As smartphone and tablet use rises steadily, people may not be fully aware of the security risks for those devices. Enterprise and consumer devices are confronted with a record number of security threats, according to a new study by Juniper Networks.
For years, the main focus on protection has been the computer. But according to the study, hackers and malware distributors are turning their sights on mobile devices - and it's particularly alarming because the majority of users don't have proper security measures in place.
The headlining news from the report is that Android malware attacks increased 400% from the summer of 2010.
But its not just Android users who need to worry. The study found that basically any device with downloadable apps is at heightened risk. Apparently the top way for malware to make it onto your device are through apps.
The report also mentions the Wi-Fi attacks are on the rise, giving attackers easy access to email and social networking information. 17% of attacks came through SMS, where trojans sent messages to premium rate numbers, costing the unwitting consumer.
"These findings reflect a perfect storm of users who are either uneducated on or disinterested in security, downloading readily available applications from unknown and unvetted sources in the complete absence of mobile device security solutions," said Dan Hoffman, chief mobile security evangelist at Juniper Networks.

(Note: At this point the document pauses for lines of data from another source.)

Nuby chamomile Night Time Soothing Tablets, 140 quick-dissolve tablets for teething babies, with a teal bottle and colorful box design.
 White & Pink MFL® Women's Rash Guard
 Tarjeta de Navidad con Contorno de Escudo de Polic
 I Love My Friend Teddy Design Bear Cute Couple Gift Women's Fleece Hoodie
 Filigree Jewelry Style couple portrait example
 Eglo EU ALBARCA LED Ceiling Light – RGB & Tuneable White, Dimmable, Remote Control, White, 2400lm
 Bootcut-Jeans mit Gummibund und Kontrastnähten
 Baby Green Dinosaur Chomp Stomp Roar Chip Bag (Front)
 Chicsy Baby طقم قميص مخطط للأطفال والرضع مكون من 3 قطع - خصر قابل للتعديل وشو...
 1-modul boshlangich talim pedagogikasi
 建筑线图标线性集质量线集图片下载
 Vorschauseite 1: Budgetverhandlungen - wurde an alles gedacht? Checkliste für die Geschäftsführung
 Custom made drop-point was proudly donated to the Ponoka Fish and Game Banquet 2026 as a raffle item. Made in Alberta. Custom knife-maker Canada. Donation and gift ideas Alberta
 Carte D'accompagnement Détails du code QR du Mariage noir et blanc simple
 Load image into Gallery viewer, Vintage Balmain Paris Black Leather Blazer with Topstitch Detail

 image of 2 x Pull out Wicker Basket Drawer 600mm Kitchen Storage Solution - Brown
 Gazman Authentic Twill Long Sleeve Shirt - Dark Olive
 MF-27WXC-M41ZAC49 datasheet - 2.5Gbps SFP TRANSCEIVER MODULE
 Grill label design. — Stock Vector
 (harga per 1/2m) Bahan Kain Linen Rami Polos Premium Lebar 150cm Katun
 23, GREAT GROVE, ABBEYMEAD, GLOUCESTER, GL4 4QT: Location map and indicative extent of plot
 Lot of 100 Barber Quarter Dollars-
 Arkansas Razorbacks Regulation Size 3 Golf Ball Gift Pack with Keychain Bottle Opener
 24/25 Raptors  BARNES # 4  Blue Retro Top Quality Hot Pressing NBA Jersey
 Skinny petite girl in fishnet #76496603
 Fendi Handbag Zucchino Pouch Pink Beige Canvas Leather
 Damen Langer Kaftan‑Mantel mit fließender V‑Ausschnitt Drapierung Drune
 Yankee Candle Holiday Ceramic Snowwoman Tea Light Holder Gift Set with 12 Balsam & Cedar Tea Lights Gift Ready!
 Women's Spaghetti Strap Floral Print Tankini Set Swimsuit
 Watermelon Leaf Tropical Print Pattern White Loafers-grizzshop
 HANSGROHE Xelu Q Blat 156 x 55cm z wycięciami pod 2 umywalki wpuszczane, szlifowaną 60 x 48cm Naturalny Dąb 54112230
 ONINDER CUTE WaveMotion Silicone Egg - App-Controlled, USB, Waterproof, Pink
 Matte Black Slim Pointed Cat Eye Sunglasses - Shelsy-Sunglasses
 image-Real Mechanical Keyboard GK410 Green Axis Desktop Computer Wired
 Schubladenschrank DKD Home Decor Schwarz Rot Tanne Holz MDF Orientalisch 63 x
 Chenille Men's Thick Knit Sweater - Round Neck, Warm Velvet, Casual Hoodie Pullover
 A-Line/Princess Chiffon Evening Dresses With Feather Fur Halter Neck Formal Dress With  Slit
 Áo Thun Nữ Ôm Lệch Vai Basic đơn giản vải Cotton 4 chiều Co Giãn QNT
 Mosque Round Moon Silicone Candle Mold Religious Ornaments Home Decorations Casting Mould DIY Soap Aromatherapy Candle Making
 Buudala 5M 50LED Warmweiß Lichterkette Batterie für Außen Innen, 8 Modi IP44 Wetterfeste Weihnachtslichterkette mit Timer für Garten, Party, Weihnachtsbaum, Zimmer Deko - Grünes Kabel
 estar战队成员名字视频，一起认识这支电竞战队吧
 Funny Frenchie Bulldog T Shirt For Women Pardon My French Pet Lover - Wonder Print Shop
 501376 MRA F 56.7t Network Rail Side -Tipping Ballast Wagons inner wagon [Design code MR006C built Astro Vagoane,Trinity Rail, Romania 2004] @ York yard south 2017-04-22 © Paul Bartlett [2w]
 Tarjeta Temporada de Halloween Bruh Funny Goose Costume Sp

"App store processes of reactively removing applications identified as malicious after they have been installed by thousands of users is insufficient as a means to control malware proliferation. There are specifics steps users must take to mitigate mobile attacks. Both enterprises and consumers alike need to be aware of the growing risks associated with the convenience of having the Internet in the palm of your hand."
Although this information may seem rather alarming, the sky isn't exactly falling. There are things you can do. Juniper suggests these steps for consumers:
• Install an on-device anti-malware solution to protect against malicious applications, spyware, infected SD cards, and malware-based attacks on the device
• Use an on-device personal firewall to protect device interfaces
• Require robust password protection for device access
• Implement anti-spam software to protect against unwanted voice and SMS/MMS communications
• For parents, use device usage monitoring software to oversee and control pre-adult mobile device usage and protect against cyberbullying, cyberstalking, exploitative or inappropriate usage, and other threats
I'm as guilty as the next person of failing to realize the new mobile threat. I guess we all have to start thinking of smartphones as what they actually are - little pocket computers.